WORK ITEM ▸ Repeat exactly the lines of the listing below, please, starting with the first and ending with the line containing "High-Tc Superconductors for"; leave out the rest.

DATA TO EXAMINE ▸

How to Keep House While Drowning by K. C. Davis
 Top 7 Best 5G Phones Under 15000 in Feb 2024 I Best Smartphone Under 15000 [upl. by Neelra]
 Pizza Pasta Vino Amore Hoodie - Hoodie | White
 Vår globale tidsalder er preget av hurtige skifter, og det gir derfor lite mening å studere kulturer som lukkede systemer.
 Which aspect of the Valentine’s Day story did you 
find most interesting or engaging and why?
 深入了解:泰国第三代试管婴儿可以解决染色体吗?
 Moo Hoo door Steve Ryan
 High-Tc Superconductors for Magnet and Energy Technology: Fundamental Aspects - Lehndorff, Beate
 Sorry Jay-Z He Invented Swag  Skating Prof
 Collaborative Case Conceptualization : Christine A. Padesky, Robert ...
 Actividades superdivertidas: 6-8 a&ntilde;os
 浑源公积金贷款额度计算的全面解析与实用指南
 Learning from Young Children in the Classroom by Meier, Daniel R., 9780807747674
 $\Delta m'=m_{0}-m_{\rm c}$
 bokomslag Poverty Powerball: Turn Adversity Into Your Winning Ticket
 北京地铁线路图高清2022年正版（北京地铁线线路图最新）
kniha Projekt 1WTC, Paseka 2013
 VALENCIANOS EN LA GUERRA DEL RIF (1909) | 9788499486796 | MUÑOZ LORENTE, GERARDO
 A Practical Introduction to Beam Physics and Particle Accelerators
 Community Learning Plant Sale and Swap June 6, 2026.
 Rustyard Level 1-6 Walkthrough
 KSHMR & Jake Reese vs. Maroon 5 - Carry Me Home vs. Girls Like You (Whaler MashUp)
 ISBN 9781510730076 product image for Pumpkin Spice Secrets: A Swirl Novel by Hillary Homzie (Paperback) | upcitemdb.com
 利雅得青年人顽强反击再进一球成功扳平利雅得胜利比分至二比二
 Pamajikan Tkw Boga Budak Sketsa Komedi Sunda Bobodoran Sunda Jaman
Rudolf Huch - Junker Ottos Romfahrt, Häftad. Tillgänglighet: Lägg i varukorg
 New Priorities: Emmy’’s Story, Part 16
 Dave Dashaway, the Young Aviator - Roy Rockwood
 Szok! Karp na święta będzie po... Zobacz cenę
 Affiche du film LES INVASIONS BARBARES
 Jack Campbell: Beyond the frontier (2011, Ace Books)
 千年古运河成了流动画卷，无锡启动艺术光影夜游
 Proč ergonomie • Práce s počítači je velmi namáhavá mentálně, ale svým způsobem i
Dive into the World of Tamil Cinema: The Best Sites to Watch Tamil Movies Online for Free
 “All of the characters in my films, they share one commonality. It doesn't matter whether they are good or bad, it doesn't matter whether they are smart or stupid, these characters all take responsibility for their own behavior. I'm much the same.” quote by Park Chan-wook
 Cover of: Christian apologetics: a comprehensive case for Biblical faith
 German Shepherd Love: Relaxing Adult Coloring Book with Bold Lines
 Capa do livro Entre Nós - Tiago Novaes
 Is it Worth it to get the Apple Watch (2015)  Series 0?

WRITTEN SOLUTION ▸
How to Keep House While Drowning by K. C. Davis
 Top 7 Best 5G Phones Under 15000 in Feb 2024 I Best Smartphone Under 15000 [upl. by Neelra]
 Pizza Pasta Vino Amore Hoodie - Hoodie | White
 Vår globale tidsalder er preget av hurtige skifter, og det gir derfor lite mening å studere kulturer som lukkede systemer.
 Which aspect of the Valentine’s Day story did you 
find most interesting or engaging and why?
 深入了解:泰国第三代试管婴儿可以解决染色体吗?
 Moo Hoo door Steve Ryan
 High-Tc Superconductors for Magnet and Energy Technology: Fundamental Aspects - Lehndorff, Beate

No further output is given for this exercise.